Modern cosmology—the study of stars, not to be confused with the art of applying makeup—is trying to figure out how dwarf spheroidal galaxies form and a new study may help to solve that mystery. If bits of that first sentence made your eyes cross, let's go over a few terms before moving on. Dwarf spheroidal galaxies are small, round-ish galaxies that are very faint and contain few stars in relation to their total mass. This type of galaxy seems to be largely made up of dark matter—a mysterious, invisible substance that exhibits a gravitational influence on other celestial bodies. This is the stuff that composes a considerable chunk of outer space.
Scientists have tossed around theories about how dwarf spheroidals may have formed in relation to large galaxies, like the Milky Way—but those ideas fail to account for dwarf spheroidals that exist in the more remote parts of the universe, and aren't associated with large galaxies.

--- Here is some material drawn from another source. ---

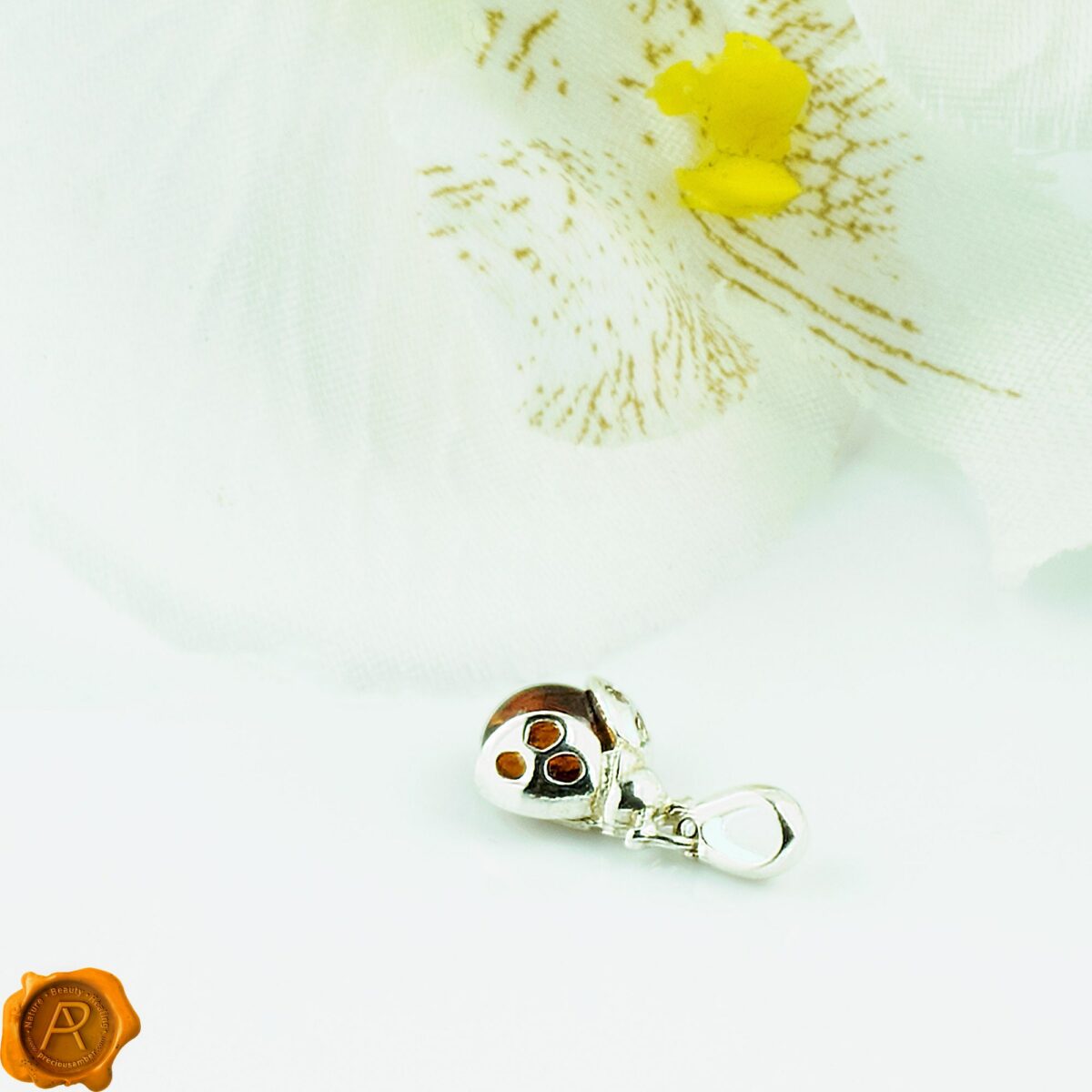 Dainty Ladybird Amber Pendant - Image 2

Elena D'Onghia of the Harvard-Smithsonian Center for Astrophysics, along with her team, explored other possibilities using computer simulations. Their main question was: since a dwarf spheroidal galaxy has so few stars, where did all the stars go? They found that galactic hook ups—such as an encounter between two dwarf galaxies or an encounter between a dwarf galaxy and the Milky Way—can begin a process dubbed "resonant stripping."
"Like in a cosmic dance," D'Onghia explains, "the encounter triggers a gravitational resonance that strips stars and gas from the dwarf galaxy, producing long visible tails and bridges of stars." Essentially, these galaxies are cosmic dancers performing a stellar striptease.
Although this team's conclusions are drawn from computer-generated simulations, there is evidence up in the heavens that supports their work—notably the bridge of stars that exists between the Leo IV and Leo V dwarf spheroidal galaxies which may have resulted from resonant stripping.